HipKittens MXFP8 GEMM Support by alextmagro · Pull Request #566 · ROCm/TransformerEngine

alextmagro · 2026-04-28T05:16:00Z

Creates an MXFP8 GEMM with HipKittens that outperforms hipBLASlt, and offers additional epilogues such as BIAS and GELU AUX

Requires a workspace sized relative to the model. Often larger than hipBLASlt, but with significant performance improvements. Only builds for gfx950, and requires M / 256 and N / 256.

Adds hipKittens header library as a submodule.

wangye805 · 2026-05-01T15:25:11Z

            )
-        if use_bias:
-            pytest.skip("hipblaslt GEMM does not yet support MXFP8 with bias.")
+        hipkittens_eligible = (m % 256 == 0) and (n % 256 == 0) and (k >= 256)


same hardcoding 256s...

conflicts

ipanfilo · 2026-05-08T16:28:27Z

+  if (!use_mxfp8 && params.force_hipblaslt) {
+    GTEST_SKIP() << "force_hipblaslt only relevant for MXFP8";
+  }
+  if (use_mxfp8) {


Add new const bool use_hipblaslt_fp8 = (!use_mxfp8 || param.force_hipblaslt) - this combination is used below for many skips. And all this should be below, under ifdef HIP_PLATFORM_AMD under has_fp8

I wanted to avoid the skips completely, so split up the test instantiation into non-mxfp8 and mxfp8.

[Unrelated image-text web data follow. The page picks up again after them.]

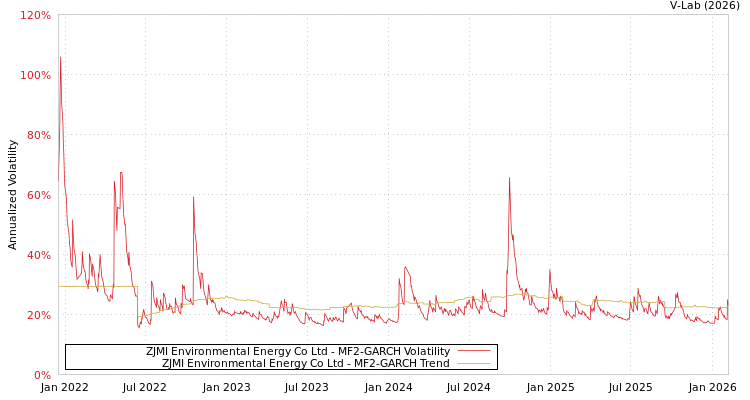 graph of ZJMI Environmental Energy Co Ltd MF2-GARCH
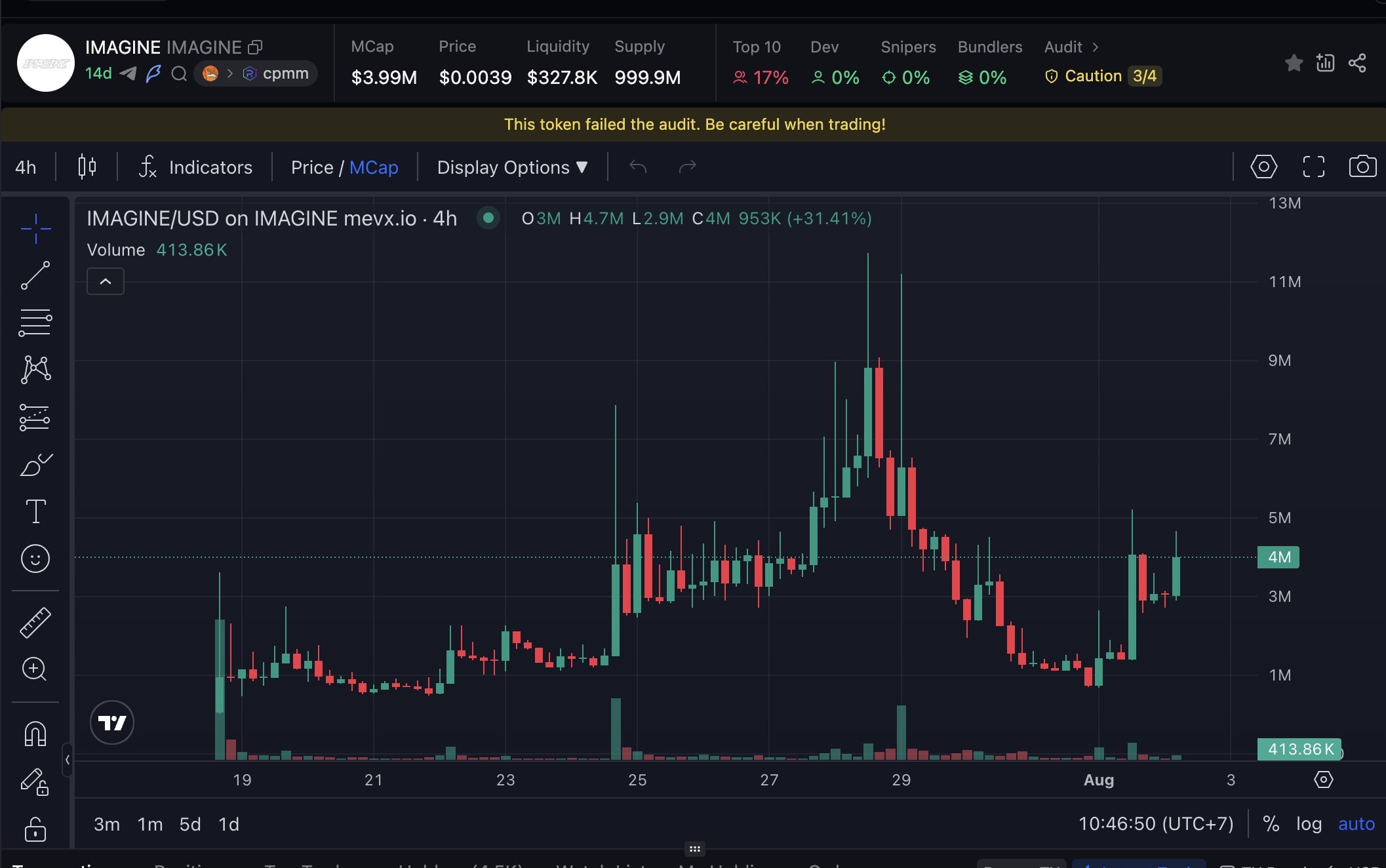 Daily Recap - 02/08/2025: Bitcoin giảm còn 113.770 USD, thị trường chờ tín hiệu mới 4 IMAGINE chart (Nguồn: MevX)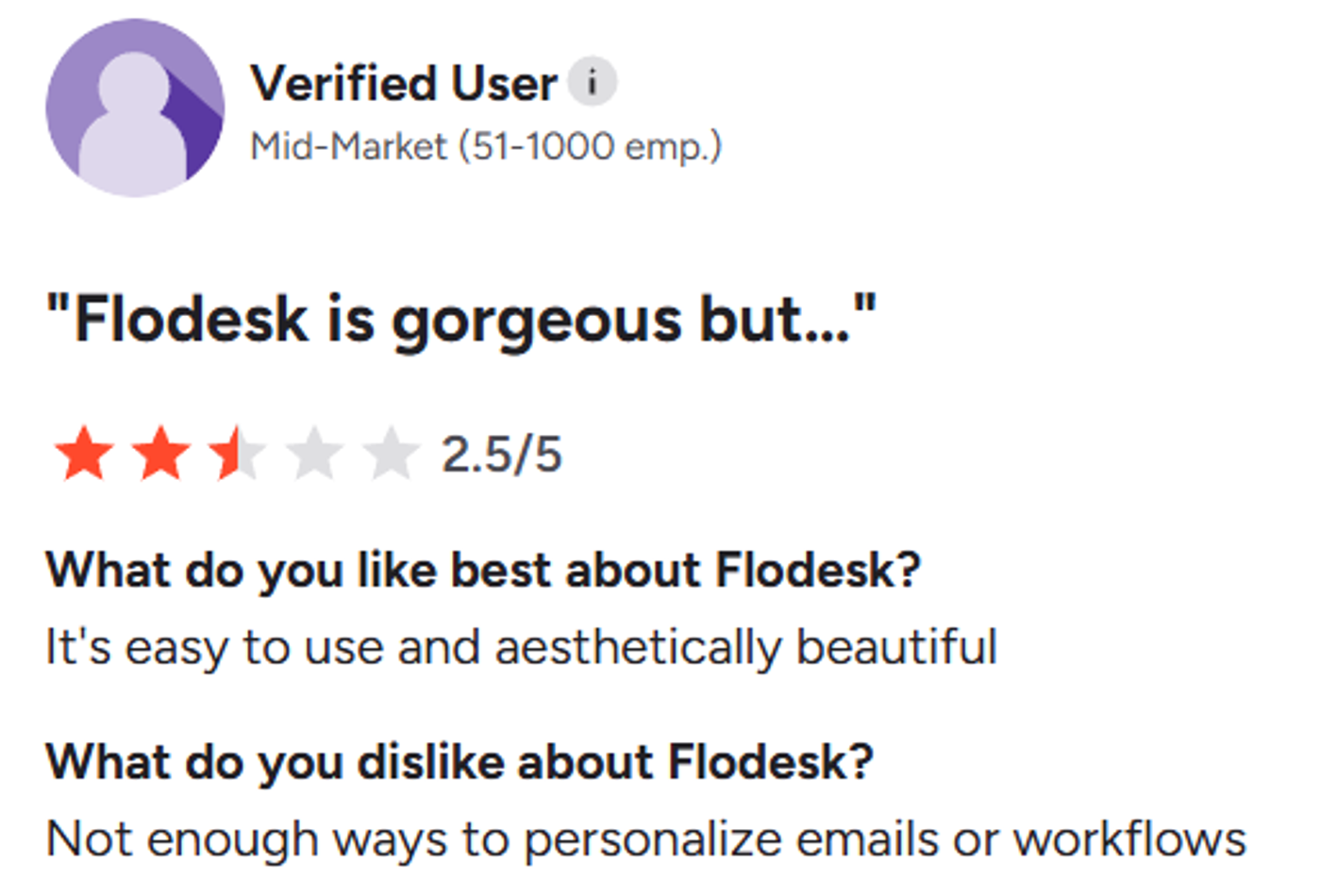 Screenshot showing a Flodesk review on G2.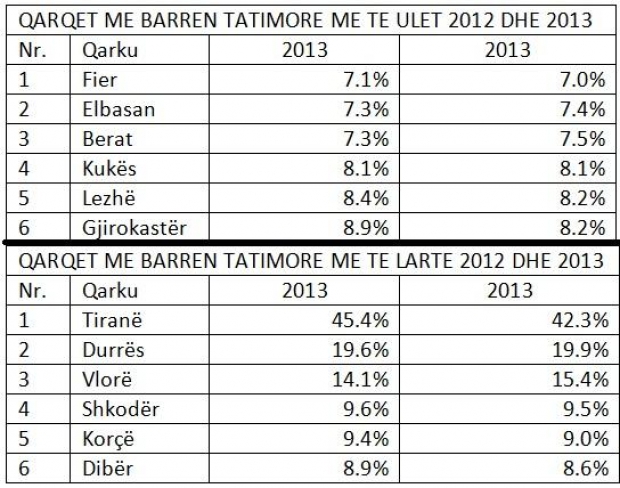 tabela liria 2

Nevertheless, the same condition is used multiple times below. May be you can rather have use_hipkittens_mxfp8 = (use_mxfp8 && !params.force_hiplaslt) for better clarity

I see what you mean now. We can combine some of the checks to make it easier to read when we are using hipkittens.

ipanfilo · 2026-05-08T16:46:34Z

                         [](const testing::TestParamInfo<DqGEMMTestSuite::ParamType>& info) {
-                           return MKN(std::get<0>(info.param)) + "x" + TN(std::get<3>(info.param));
+                           return MKN(std::get<0>(info.param)) + "x" +
+                                  std::to_string(std::get<1>(info.param)) + "x" +


What is a point, they are set to false only

ipanfilo · 2026-05-08T16:50:48Z

    GTEST_SKIP() << "MXFP8 is not supported in current config";
  }
+  if (params.use_bias || params.use_gelu) {
+    if (params.force_hipblaslt) {


It is skipped below anyway, if add it for future, move it after more generic one

Sorry, this and the Dq test name changes are artifacts from my attempt to enable bias and gelu for this test. I a ran into issues with gelu for the non-fp8 GEMM in hipBLASlt, and decided to just focus on the non-Dq tests. I have reverted things.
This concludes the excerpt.